After 75 years putting out financial fires around the world, the IMF and
World Bank face criticism for repeatedly failing to prevent crises and for
making things worse for the people they were meant to help.

That makes them easy scapegoats.

Even if the criticism is not always entirely fair — no one blames the
doctor for prescribing a painful but life-saving treatment — the
institutions have been trying to rebrand themselves in recent years, putting
more emphasis publicly on protecting vulnerable members of society in their
lending programs.

But they will need more than a better communications strategy as they
contend with a wave of anti-globalization sentiment and technological
transformation — while also helping Africa through a transition requiring
massive investment in infrastructure and job creation just to keep up with
population growth.

The challenges “are huge,” World Bank President David Malpass told AFP in
an interview.

The IMF and World Bank were created July 22, 1944 in the shadow of World
War II to help rebuild Europe and later Japan, and to try to head off the
kind of economic strife that had led to the war.

“The original concept of reconstruction and development … was clarified
to include poverty alleviation as the bank grew,” Malpass said.

– Dismal record –

On the surface, their record, especially for the IMF, seems dismal, with
each of the prior three decades marked by a severe crisis: the Latin American
debt crisis in the 1980s, the Asian and Russian crises in the 1990s and the
global financial crisis in 2007, which begat the Great Recession that still
looms over the world economy today.

In each case, the damage lasted for a decade or more and the IMF was
blamed for inflicting even more pain with its rigid demands and policy advice
that, according to the fund’s harshest critics, too often favored corporate
interests in the rich countries over the poor nations in trouble.
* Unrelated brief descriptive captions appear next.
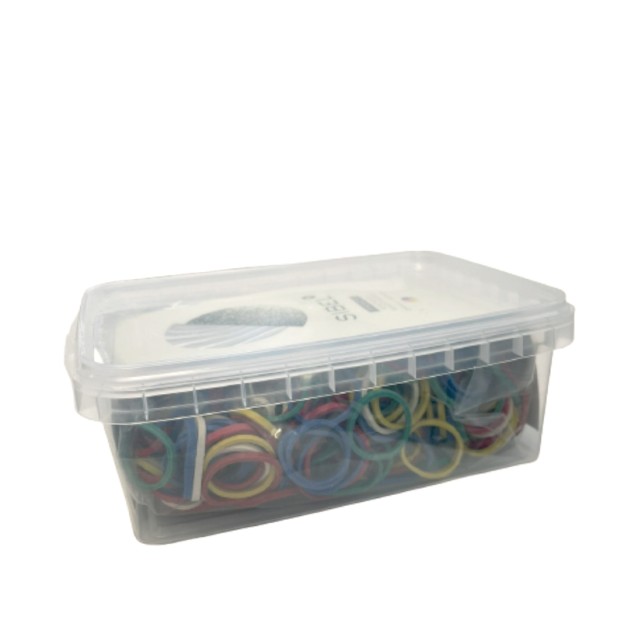 Sibel Λαστιχάκια για κότσους Χρωματιστά 2cm 500τμχ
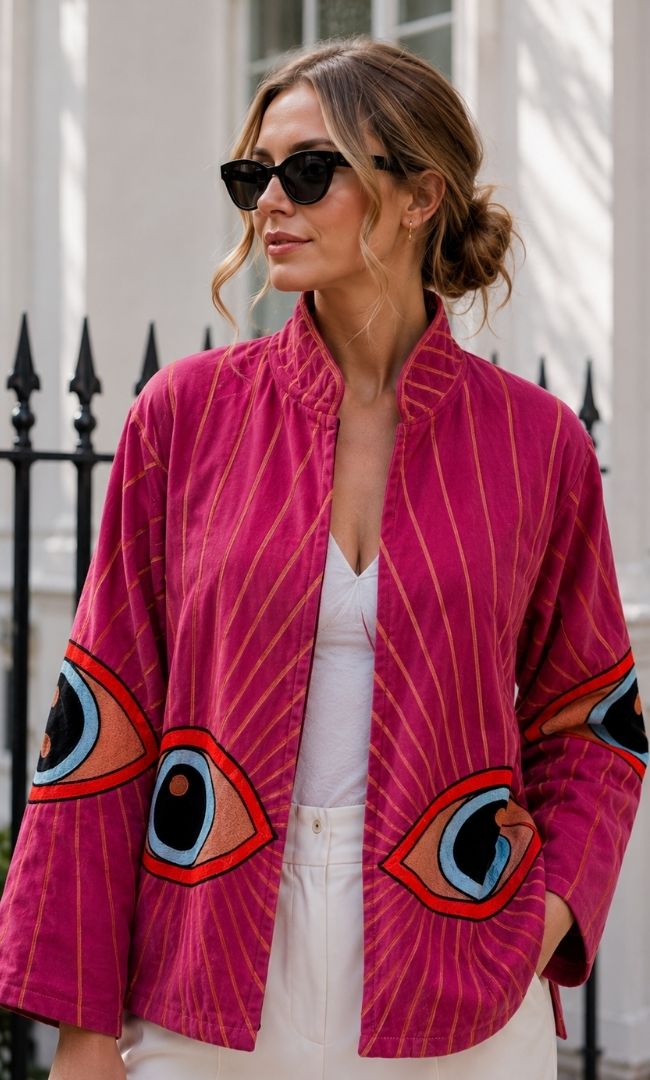The Pink Mystic Eye Jacket
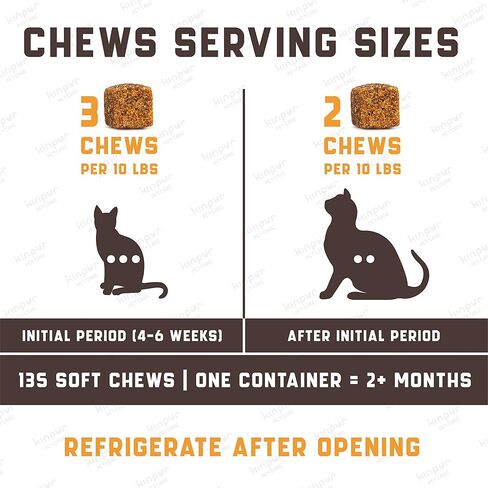 Cat Calming Treats for Stress and Aggressive Behavior - Help Reduce Cat Anxiety and Promote Relaxation - Thunderstorms, Grooming, Traveling - Hemp Calming Cat Treats with American Quality - 135 Chews in Kuwait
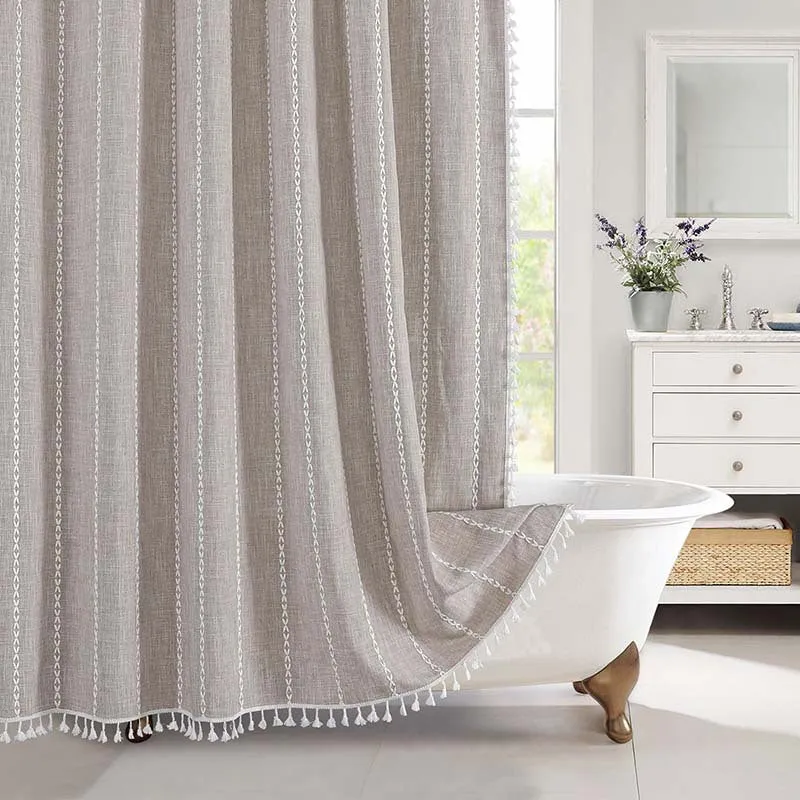 Fenstervorhang mit strukturiertem Gitterdesign Skanto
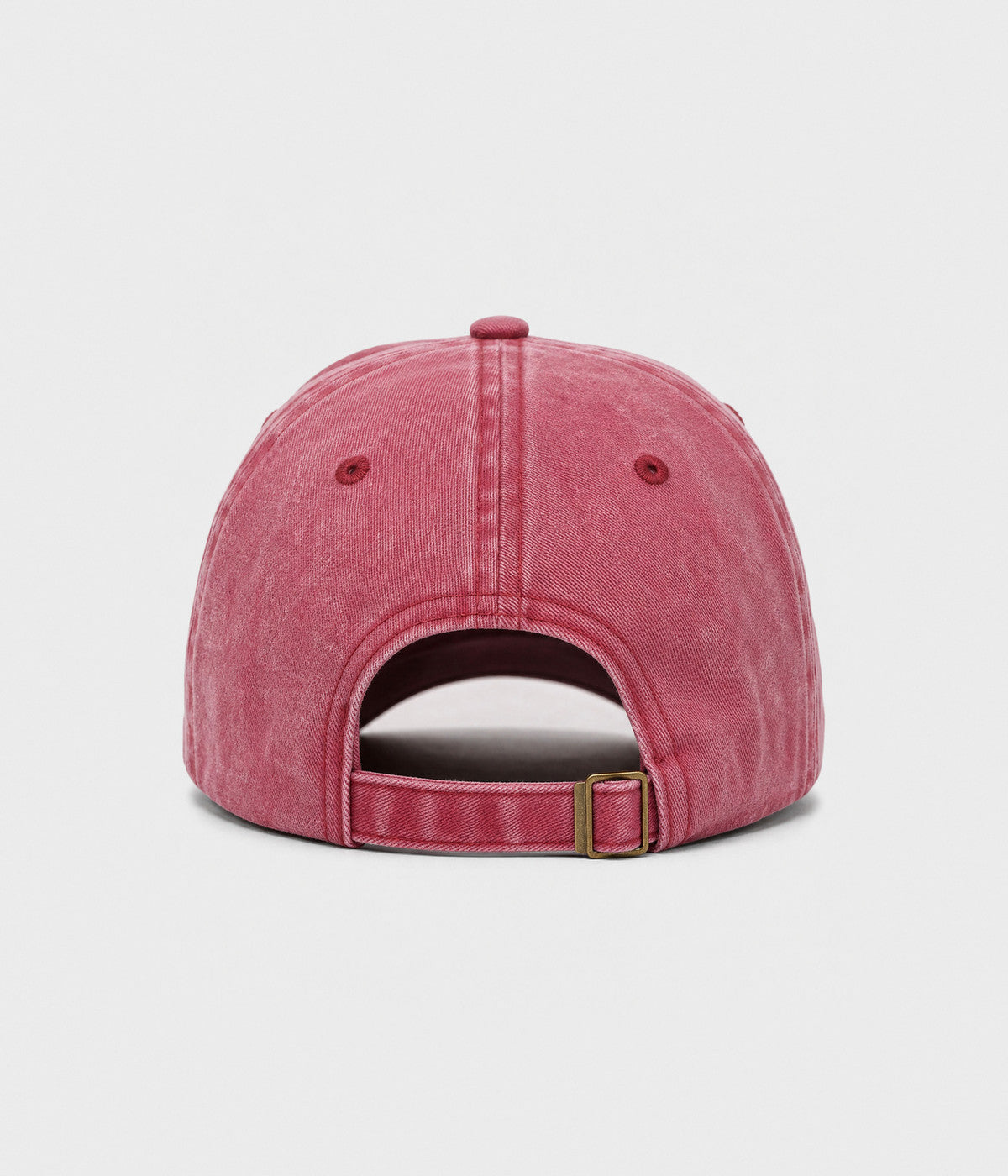 WASHED LOBSTER. washed cotton dad cap in RED, back view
But at the same time extreme poverty has plummeted worldwide — falling by
a billion people since 1990.

“In the history of the world there has never been so much progress in
improving people’s lives as we have seen in the last 75 years,” said Masood
Ahmed, who worked alternately either at the IMF or World Bank for nearly half
their existences.

But the institutions missed the problems growing beneath the surface.

The world “was doing so well on the macro level, and there were so many
people being lifted out of poverty, that we glossed over the fact that there
were many people who were increasingly uncomfortable with the pace of
change,” said Ahmed, who leads the Center for Global Development, an anti-
poverty research organization.

“And I think we’re paying a bit of a price for that now.”

Without prompting, Malpass volunteered criticism of the “Washington
consensus” — sneering shorthand for policies imposed on developing nations
that centered on privatization and steep cuts in government spending and
employment.

The consensus was this policy menu would work for every country in crisis
— advice that flies in the face of economic theory calling for spending to
increase during a downturn.

Instead, Malpass said he wants to focus the World Bank’s programs on what
is best for each country.

“I want it to be more and more effective at helping countries find a path
to growth and to good outcomes for the people of those countries.”

– Greater representation –

Agustin Carstens, former head of the Mexican central bank and once a
deputy managing director of the IMF, credits the organizations with providing
needed oversight and policy advice that has prevented “many more crises.”

The problem is that, when the IMF is called in, “it goes into an economy
at the most difficult time,” when all other sources of financing have closed
and there are no good options.

But he worries the institutions have failed to adapt to the changing
global economy, giving only lip service to the far greater weight of
countries like China and India.

With IMF Managing Director Christine Lagarde set to leave her post on
September 12 to take over the European Central Bank, the old powers are
poised to continue the tradition of naming a European to lead the fund while
an American runs the World Bank, despite past pledges to change.

Carstens, who was a finalist to take over the IMF leadership in 2011 when
Lagarde was selected, said the reform is urgently needed to “give more
legitimacy to the advice that the fund provides.”